Primary Outcome Measures

Name	Time	Method
Acceptability of patientMpower Platform From Patient & Healthcare Professional Perspective	single measurement at 8 weeks	Questionnaire-based assessment of response to questions: \[pMp = patientMpower platform\] 1. instructions for using pMp were clear 2. pMp helped me take the correct dose medicines 3. pMp helped me to take my medicines at the correct time 4. pMp helped me to reach my personal exercise goal 5. pMp helped me to walk further 6. pMp gave me a greater sense of control 7. useful to be able to record the impact of lung fibrosis on QoL 8. pMp encouraged me to look at the informational videos 9. preference for using pMp 10. difficulty in using pMp 11. effect of pMp on impact on daily life 12. tiring/irritating to use pMp 13. want to continue using pMp after study 14. would recommend pMp to others Possible responses Q1-8, Q12: strongly agree/agree/disagree/strongly disagree Q9: yes/no preference/no Q10: very easy/easy/difficult/very difficult Q11: positive/negative/open text Q13,14: yes/no

Secondary Outcome Measures

Name	Time	Method
Patient-reported Forced Vital Capacity (FVC)	8 weeks	Forced vital capacity recorded via patientMpower platform daily
Patient-reported Exercise Performance	8 weeks	Activity (steps/day) recorded via FitBit or patient's phone and transmitted to patientMpower platform
Medication Compliance (Days Medication Taken/Observation Period Days)	8 weeks	Compliance recorded by patient via patientMpower platform daily
Idiopathic Pulmonary Fibrosis Patient Reported Outcome Measure (IPF-PROM)	Baseline visit	12-item questionnaire with 4 domains (psychological experience of dyspnoea, physical experience of dyspnoea, emotional well-being, energy levels). 3 questions/domain asking frequency of symptom or its impact in the time interval since last response.
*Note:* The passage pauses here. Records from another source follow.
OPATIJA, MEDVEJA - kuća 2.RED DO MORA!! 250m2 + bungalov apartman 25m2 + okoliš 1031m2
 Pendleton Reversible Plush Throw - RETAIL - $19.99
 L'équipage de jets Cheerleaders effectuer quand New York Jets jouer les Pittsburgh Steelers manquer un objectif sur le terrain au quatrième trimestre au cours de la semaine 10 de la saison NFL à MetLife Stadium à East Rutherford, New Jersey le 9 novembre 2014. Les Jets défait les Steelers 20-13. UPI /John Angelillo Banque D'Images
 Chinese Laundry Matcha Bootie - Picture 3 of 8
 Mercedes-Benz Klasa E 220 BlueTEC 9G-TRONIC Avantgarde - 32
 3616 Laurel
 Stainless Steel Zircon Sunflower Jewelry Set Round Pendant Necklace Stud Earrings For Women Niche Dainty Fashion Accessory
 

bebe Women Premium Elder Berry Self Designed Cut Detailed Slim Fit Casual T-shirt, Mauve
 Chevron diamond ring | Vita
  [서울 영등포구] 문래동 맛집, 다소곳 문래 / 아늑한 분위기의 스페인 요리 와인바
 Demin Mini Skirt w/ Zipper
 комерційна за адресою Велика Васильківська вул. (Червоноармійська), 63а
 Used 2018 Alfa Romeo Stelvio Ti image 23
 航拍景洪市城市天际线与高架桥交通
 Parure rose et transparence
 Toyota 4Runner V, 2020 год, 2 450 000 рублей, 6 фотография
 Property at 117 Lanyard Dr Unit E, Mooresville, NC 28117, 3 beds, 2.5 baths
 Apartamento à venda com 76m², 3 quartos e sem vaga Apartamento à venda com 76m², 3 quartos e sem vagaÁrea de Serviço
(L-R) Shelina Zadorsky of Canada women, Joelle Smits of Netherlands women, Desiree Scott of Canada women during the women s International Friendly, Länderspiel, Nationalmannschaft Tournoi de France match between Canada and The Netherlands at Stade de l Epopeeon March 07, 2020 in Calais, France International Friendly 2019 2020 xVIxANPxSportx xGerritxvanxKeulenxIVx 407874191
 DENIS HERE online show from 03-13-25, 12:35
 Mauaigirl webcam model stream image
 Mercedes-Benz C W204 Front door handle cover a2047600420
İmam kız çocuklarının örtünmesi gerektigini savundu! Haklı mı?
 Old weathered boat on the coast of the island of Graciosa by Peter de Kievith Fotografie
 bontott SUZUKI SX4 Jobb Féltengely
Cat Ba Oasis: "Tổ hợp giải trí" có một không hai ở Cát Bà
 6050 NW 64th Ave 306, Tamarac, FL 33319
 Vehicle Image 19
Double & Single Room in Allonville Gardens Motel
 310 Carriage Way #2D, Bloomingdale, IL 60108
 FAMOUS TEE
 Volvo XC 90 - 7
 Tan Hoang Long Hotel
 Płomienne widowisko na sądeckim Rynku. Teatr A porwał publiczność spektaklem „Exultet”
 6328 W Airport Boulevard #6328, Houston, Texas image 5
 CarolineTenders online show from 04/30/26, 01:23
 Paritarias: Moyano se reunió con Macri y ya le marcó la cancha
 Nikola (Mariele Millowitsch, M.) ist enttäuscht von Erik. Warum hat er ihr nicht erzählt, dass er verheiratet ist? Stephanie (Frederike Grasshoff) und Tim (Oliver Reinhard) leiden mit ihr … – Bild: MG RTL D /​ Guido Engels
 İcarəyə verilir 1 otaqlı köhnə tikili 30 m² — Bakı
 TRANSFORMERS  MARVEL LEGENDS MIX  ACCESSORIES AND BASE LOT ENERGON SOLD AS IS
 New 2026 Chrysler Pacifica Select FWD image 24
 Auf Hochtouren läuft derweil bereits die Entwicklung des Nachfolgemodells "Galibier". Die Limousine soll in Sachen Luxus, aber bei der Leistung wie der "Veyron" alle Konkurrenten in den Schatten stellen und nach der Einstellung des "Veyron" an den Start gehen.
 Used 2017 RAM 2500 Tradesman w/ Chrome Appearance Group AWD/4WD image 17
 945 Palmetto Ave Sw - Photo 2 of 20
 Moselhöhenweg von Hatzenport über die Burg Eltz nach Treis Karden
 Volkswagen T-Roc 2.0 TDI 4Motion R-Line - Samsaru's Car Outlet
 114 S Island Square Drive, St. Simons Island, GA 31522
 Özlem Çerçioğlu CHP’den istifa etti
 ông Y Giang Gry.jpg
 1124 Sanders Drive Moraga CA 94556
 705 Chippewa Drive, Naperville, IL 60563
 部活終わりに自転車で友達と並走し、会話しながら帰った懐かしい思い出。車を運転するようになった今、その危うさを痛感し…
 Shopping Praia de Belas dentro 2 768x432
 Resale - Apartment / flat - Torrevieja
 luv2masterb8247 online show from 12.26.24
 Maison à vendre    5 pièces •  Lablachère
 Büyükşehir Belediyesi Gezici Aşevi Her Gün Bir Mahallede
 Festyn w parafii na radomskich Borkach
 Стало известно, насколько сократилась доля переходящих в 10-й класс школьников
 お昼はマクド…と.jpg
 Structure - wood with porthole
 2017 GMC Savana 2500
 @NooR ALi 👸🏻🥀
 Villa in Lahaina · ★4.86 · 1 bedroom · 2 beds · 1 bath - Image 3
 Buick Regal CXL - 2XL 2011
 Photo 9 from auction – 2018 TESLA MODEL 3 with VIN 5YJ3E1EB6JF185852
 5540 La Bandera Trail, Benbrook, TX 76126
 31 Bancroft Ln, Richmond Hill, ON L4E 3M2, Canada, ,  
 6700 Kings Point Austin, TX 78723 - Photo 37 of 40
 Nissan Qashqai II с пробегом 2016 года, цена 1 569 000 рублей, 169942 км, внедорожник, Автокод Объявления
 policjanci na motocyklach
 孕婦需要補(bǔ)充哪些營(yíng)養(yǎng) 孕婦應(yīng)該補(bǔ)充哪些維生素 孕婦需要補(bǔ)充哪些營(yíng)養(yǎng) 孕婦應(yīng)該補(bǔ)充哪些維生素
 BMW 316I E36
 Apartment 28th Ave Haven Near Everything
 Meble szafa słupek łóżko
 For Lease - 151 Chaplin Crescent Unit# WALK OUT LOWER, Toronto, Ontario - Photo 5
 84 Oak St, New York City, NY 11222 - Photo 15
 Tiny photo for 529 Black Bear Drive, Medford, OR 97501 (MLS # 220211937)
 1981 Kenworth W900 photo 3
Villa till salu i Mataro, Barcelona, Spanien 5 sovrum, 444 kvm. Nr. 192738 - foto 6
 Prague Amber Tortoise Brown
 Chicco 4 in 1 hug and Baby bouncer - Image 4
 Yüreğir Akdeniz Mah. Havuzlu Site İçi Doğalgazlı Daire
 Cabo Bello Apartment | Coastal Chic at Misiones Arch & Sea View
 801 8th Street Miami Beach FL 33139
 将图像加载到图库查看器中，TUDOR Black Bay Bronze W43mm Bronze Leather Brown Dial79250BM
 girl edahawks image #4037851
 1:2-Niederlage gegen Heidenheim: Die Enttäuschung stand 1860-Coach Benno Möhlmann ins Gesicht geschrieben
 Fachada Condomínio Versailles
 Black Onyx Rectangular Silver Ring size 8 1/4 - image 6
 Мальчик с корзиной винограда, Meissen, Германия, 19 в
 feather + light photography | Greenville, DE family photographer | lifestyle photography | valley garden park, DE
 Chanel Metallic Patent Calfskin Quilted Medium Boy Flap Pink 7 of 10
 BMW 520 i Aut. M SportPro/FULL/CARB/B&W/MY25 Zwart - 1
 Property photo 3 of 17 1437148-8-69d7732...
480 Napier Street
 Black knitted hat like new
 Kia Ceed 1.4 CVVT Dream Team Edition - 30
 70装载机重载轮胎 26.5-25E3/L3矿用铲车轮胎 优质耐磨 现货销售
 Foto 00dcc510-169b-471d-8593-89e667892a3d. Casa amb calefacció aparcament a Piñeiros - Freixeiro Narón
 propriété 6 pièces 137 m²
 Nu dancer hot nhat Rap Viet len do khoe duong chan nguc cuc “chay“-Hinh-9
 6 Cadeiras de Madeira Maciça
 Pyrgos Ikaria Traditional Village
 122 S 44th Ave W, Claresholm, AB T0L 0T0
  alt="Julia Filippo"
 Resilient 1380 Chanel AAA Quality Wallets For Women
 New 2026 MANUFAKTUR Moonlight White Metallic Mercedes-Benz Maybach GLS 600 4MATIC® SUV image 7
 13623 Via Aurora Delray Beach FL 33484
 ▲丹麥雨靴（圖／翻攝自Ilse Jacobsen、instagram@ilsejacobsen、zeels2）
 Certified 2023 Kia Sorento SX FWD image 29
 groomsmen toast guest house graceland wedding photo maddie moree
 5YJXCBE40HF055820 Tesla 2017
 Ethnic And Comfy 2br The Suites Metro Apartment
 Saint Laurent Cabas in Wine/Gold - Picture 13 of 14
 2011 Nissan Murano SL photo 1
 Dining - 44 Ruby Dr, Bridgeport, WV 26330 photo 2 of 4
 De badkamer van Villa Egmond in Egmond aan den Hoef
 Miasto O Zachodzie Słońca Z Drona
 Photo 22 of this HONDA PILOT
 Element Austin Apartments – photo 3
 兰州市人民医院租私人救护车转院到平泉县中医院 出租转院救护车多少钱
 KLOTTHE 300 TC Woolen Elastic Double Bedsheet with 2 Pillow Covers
Four possible responses to each question: none of the time/some of the time/most of the time/all of the time. Numerical score assigned to each response 1/2/3/4 (respectively). Impact on domain characterised by mean score for each of 3 questions in that domain. One question on overall quality of life with responses: excellent/good/fair/poor/very poor. Numerical score assigned to each response 1/2/3/4/5 respectively. Low score better outcome; high score worse outcome (for all responses).